I’m offering you unbridled access to a conversation my husband and I had in the recent past. I referenced it in a previous column, but it’s a tale worth re-telling. As I am often do — I have embellished.

Sharon: “My column is due to my editor in about 20 minutes (a slight exaggeration), and I have no idea what to write about.”

Howard: (my husband — who was having no pain at the time but thinking he might at some point) said, “Why don’t you write about pain?”

Sharon: “I’m looking for a topic that’s uplifting and on the humorous side — and pain is not funny.”

Howard: “You could write about people who are a pain in the derriere” (only he did not say “derriere”). He looked directly at me when he said that.

For those of you who do not use that word, derriere is “a euphemistic term for a person’s buttocks.” Synonyms are “behind, backside, bottom, rear, hindquarter … etc. There’s one synonym that’s particularly compelling and I may start using it regularly. The word is “sitzfleisch,” as in “The bedspring tattooed waffles all over my sitzfleisch.”
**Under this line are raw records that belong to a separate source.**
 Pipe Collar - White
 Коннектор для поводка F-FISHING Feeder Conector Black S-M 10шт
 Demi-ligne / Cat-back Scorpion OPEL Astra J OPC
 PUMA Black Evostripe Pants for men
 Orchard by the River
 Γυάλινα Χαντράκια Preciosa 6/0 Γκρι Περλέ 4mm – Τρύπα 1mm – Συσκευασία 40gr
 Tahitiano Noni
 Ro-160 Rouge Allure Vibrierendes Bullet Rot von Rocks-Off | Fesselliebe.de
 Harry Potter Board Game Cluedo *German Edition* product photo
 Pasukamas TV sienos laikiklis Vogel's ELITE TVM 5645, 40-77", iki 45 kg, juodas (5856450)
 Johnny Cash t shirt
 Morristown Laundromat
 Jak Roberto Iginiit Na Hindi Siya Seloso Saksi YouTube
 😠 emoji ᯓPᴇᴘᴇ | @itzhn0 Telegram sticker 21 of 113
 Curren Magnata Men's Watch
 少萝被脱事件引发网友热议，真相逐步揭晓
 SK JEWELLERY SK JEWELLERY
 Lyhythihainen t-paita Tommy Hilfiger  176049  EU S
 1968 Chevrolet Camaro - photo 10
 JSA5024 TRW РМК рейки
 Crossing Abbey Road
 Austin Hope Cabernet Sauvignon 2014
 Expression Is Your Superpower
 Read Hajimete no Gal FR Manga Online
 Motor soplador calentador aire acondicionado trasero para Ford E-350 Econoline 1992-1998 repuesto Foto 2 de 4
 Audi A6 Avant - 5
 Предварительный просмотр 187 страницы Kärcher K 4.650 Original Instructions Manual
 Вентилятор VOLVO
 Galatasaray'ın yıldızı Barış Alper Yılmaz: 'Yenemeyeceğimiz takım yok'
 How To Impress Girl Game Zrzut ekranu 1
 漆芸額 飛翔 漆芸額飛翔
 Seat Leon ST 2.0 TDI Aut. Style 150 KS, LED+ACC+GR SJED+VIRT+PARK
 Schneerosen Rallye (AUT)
You may be asking yourself: “Where the heck is she going with this?” Only maybe you’re not using the word “heck.” Here’s a story — and I will try to make it uplifting.

Pain often is an unwelcome companion for many older Americans. There is physical pain, of course. As illustration, “My knees are speaking to me today, and it’s not a good conversation.” Or it might be psychic pain, “All this divisive political rhetoric gives me a blankety-blank headache.” Cue feelings of visible angst, and expect a little profanity with both examples.

As we age, the “the wear and tear theory” of aging means we are more likely to grimace and twitch as we get out of bed in the morning or try to gracefully lower our derriere to a comfortable sitting position in a too-hard, too-low chair.

On the psychic pain front, as we age, we can become less tolerant of individuals and situations in which people “should know better” as my father used to say. Pain in either form can make you angry, depressed, cranky and self-absorbed. And it can have that same effect on the people around you. Not good.

Let’s make a pledge. Let’s use more humor to neutralize the pain we may experience. Let’s promise each other that humor will become a bigger part of our life plan. It means we seek more lighthearted banter and recognize the power of the comic strip. Let’s promise to chortle, chuckle, giggle, twitter and even howl with laughter daily — or at least try.

Are you game? It might take a little practice. The process of trying to laugh can be funny in and of itself. When you try to laugh, do you “twitter” (which sounds like “beep, peep, chirp”) or snort and hiccup? Do you use hand gestures?

Truth be told, I flap both arms when I laugh really hard. It’s the ultimate distraction from anything painful. It’s also could also be considered a form of exercise. See how this works?